August 09, 2008
bearophile wrote:
> First benchmark, just D against itself, not used GCC yet, the results
> show that vector ops are generally slower, but maybe there's some
> bug/problem in my benchmark (note it needs just Phobos!), not tested
> on Linux yet:
[...]
> a3[] = a1[] / a2[];

I wouldn't be a bit surprised at that since / for int[]s does not have a custom asm routine for it. See phobos/internal/arrayint.d

If someone wants to write one, I'll put it in!
August 09, 2008
bearophile wrote:
> This output looks like a bug of the compiler anyway: [1,2,3,0,0,0,0]

Please post all bugs to bugzilla! thanks
August 09, 2008
Walter Bright:
> I wouldn't be a bit surprised at that since / for int[]s does not have a custom asm routine for it.

I didn't know it.
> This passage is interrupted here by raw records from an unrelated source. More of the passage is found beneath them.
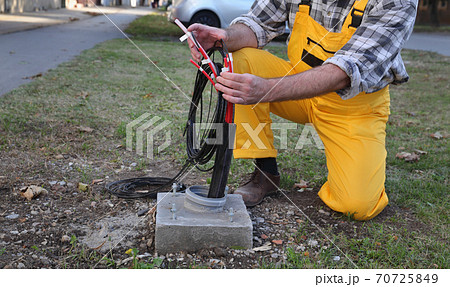 Worker and fiber optic cable lines installation at street 70725849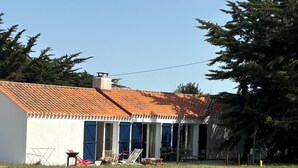 A small building with a tiled roof, a white exterior, and blue shutters. There are outdoor chairs and a picnic table in front.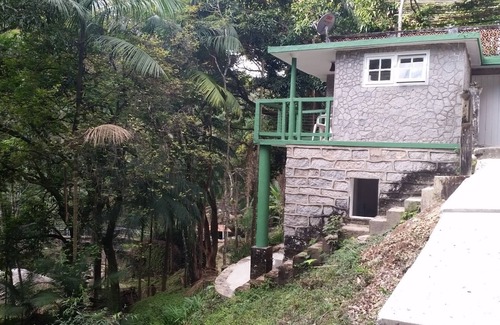 Itatiaia Ski Chalet | Estalagem do Rancho: Chalet with waterfalls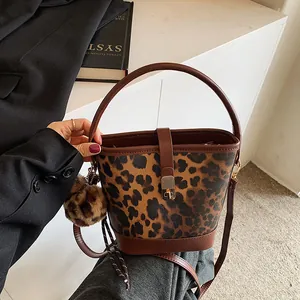 Detailansicht der Beuteltasche mit Leopardenmuster, braunem Lederbesatz und Schloss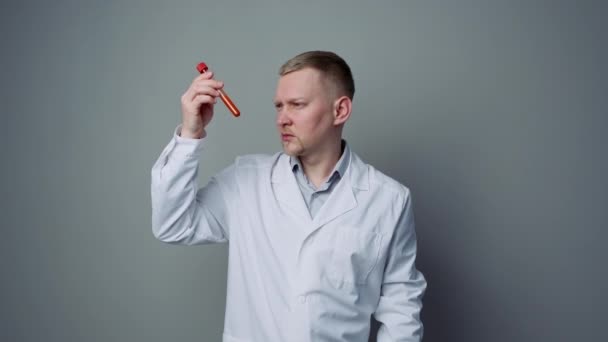 Kan testi. Erkek bir tıp çalışanı, üzerinde paciets kanı olan bir tüp tutuyor.. — Stok video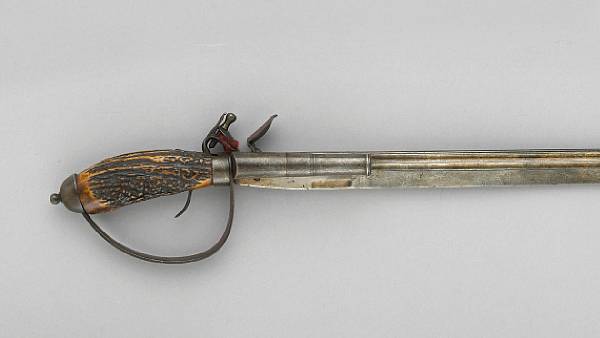 Appraisal: A continental combination hunting sword flintlock pistol The inch double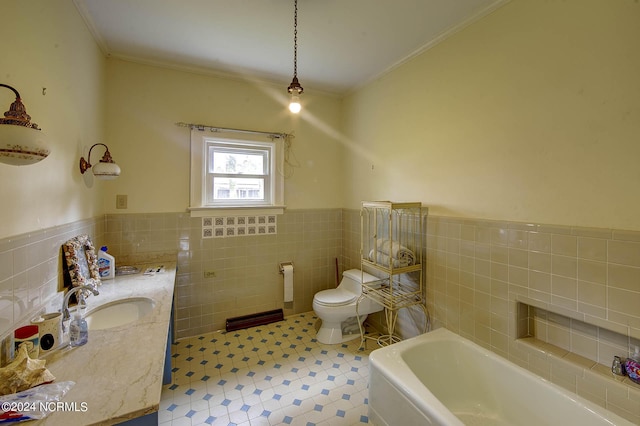 bathroom with tile walls, a tub to relax in, vanity, toilet, and crown molding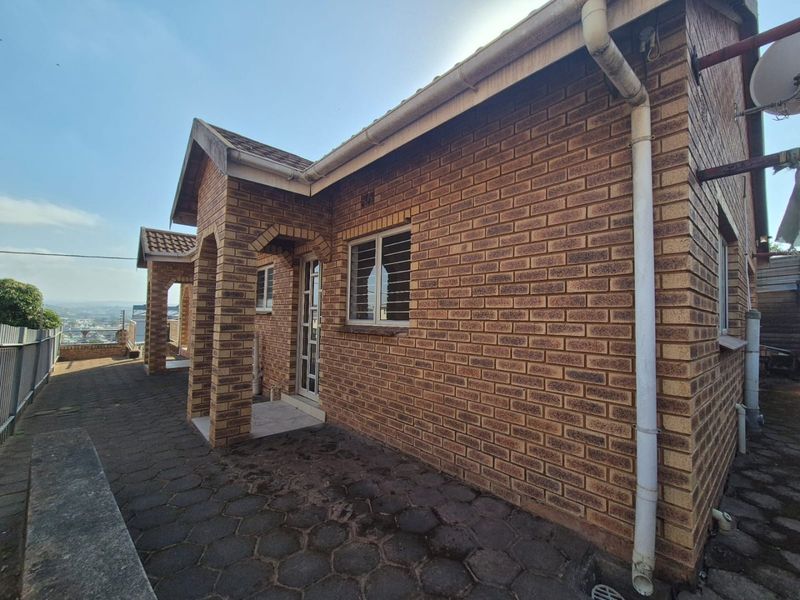 Rear exterior view of a face brick house featuring a paved patio area, security bars on windows, and functional guttering system.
We may write a list about such things.
But as you can see I have performed benchmarks with + * / not just /.

It's very easy to write wrong benchmarks, so I am careful, but from the little I have seen so far the speed improvements are absent or less than 1 (slow down). And I haven't seen yet SS2 asm in my compiled programs :-)


>>Is it able to compute a+b+c with a single loop (as all Fortran compilers do)?<<

>Yes.<

But later on Reddit the answer by Walter was:

>This optimization is called "loop fusion", and is well known. It doesn't always result in a speedup, though. The dmd compiler doesn't do it, but that is not the fault of D.<

At a closer look the two questions are different, I think he meant:
a += b + c; => single loop
a += b; a += c; => two loops
I think this is acceptable.

Bye,
bearophile
August 09, 2008
Walter Bright wrote:

> Lars Ivar Igesund wrote:
>> Jarrett Billingsley wrote:
>> 
>>> "Lars Ivar Igesund" <larsivar@igesund.net> wrote in message news:g7ias2$2kbo$1@digitalmars.com...
>>>> Walter Bright wrote:
>>>>
>>>>> This one has (finally) got array operations implemented. For those who want to show off their leet assembler skills, the initial assembler implementation code is in phobos/internal/array*.d. Burton Radons wrote the assembler. Can you make it faster?
>>>>>
>>>>> http://www.digitalmars.com/d/1.0/changelog.html http://ftp.digitalmars.com/dmd.1.034.zip
>>>> The array op docs aren't actually on the 1.0 array page. But great! I remember trying to use these 3 years ago :D
>>> Too bad Tango doesn't support them yet.  :C
>> 
>> Are you suggesting that Walter should have told us that he was implementing this feature ahead of releasing 1.034?
> 
> All Tango needs to do is copy the internal\array*.d files over and add them to the makefile.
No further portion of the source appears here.